INTRODUCTION

La Bible est considérée comme l’ultime sagesse non seulement de l’Occident qui a une culture chrétienne, mais aussi jusqu’en Corée du sud où le christianisme grandit seulement depuis 1784 et où l’on trouve aujourd’hui un grand enthousiasme pour la lecture biblique. Un tel phénomène sollicite une interrogation sérieuse sur la lecture et l’interprétation. Lire la Bible, oui, mais comment la lire ? C’est la question fondamentale qui inspire notre travail.

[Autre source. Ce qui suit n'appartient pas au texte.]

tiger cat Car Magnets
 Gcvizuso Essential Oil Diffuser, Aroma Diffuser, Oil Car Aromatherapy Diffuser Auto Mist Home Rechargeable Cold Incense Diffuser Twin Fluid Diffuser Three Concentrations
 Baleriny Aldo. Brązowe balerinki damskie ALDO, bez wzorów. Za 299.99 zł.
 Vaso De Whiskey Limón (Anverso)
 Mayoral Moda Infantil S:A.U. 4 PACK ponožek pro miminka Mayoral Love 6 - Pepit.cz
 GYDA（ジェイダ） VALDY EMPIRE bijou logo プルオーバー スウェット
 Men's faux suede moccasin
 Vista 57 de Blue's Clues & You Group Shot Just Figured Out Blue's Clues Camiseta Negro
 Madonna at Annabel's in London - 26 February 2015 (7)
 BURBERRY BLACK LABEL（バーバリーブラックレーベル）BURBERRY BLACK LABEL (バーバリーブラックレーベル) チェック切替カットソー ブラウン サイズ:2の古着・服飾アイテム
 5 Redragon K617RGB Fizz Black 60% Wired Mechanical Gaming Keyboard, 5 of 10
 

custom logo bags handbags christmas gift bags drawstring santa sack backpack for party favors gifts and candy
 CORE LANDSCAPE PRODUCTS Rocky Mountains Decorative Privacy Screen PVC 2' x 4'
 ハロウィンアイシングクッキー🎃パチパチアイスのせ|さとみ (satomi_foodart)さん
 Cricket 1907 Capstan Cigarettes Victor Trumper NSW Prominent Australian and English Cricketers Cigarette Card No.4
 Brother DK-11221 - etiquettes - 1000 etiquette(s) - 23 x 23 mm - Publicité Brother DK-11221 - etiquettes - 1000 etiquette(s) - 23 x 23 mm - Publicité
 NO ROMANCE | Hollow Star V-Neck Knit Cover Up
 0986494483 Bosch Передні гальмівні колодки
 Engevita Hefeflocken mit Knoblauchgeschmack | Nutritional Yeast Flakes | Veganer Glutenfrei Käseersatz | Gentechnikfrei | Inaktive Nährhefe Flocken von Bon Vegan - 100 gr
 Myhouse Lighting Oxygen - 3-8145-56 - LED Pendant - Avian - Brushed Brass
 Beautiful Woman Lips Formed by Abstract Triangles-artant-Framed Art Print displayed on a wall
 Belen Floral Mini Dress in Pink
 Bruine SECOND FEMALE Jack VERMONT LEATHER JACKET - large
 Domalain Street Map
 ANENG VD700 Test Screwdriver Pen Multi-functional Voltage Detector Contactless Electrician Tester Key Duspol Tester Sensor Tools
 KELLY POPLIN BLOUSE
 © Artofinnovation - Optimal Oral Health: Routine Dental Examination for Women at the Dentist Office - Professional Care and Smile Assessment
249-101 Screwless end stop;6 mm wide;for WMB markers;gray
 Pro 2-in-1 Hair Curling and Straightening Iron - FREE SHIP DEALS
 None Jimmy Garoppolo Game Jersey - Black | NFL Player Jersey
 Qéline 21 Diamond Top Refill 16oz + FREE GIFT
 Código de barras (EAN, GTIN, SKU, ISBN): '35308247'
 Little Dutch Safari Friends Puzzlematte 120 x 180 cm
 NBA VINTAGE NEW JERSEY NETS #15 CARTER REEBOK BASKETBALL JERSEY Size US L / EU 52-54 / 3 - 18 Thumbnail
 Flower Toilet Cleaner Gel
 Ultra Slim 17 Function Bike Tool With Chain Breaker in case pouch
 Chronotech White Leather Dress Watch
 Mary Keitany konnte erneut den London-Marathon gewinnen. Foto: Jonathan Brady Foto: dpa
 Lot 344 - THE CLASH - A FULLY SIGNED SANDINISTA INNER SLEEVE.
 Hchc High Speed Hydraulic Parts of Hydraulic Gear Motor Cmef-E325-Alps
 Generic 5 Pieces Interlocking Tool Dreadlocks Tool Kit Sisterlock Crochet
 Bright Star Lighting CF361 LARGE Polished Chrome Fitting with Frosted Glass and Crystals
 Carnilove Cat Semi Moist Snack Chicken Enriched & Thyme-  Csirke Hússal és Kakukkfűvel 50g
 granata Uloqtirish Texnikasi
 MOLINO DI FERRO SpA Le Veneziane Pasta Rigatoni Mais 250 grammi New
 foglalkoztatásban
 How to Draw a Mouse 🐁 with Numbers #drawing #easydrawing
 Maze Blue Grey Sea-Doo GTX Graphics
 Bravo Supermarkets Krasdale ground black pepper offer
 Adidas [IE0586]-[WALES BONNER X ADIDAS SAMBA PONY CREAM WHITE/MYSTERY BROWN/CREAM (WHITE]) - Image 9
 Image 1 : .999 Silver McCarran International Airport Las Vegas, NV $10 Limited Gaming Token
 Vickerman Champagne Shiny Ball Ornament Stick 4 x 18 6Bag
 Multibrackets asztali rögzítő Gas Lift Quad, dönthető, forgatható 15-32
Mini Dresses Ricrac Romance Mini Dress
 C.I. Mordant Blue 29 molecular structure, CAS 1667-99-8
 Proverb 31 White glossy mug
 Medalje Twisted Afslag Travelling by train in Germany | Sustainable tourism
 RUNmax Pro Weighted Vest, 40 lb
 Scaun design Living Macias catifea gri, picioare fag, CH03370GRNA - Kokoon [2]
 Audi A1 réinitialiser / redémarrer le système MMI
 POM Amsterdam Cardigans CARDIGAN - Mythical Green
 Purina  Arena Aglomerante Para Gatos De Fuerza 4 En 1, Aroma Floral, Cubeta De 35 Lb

L’histoire montre qu’il y a eu de nombreuses théories d’interprétation de la Bible. Nous employons ici le mot « Bible » dans son sens le plus global, d’Ancien Testament et de Nouveau Testament, allant de la Genèse jusqu’à l’Apocalypse. Le propre de la Bible est de réunir en un seul volume deux recueils de livres, tous deux reçus comme Testaments, l’un devenant premier et ancien par rapport à l’autre qui se donne pour second et nouveau. C’est pourquoi ce Livre est à la fois multiple et un.

Or, cette Bible constitue en elle-même une dynamique de l’acte de lecture. Étymologiquement, « lire » se dit en grec « reconnaître » ( ;  : remontée, recommencement), c’est la fonction propre de l’écrivain, à la fois détenteur du savoir écrire et du savoir lire 1 . Quand nous parlons de la lecture de la Bible, il s’agit donc de la corrélation de l’écriture et de la lecture dans les textes bibliques. La Bible n’est pas seulement écrite et inscrite dans une situation historique, mais elle est marquée par l’histoire qui, en aval du texte écrit, constitue la suite de ses relectures et de sa réception. Il nous faut donc apprendre la lecture de la Bible comme une écriture et non pas comme la simple répétition de son évolution historique. La lecture de la Bible ne peut pas être réduite à la transmission d’un message, mais elle présuppose la pratique d’une construction de la signification du texte biblique. Le texte lui-même n’est pas la signification, la signification n’est pas le contenu du texte de façon à pouvoir être détaché du texte qui le manifeste.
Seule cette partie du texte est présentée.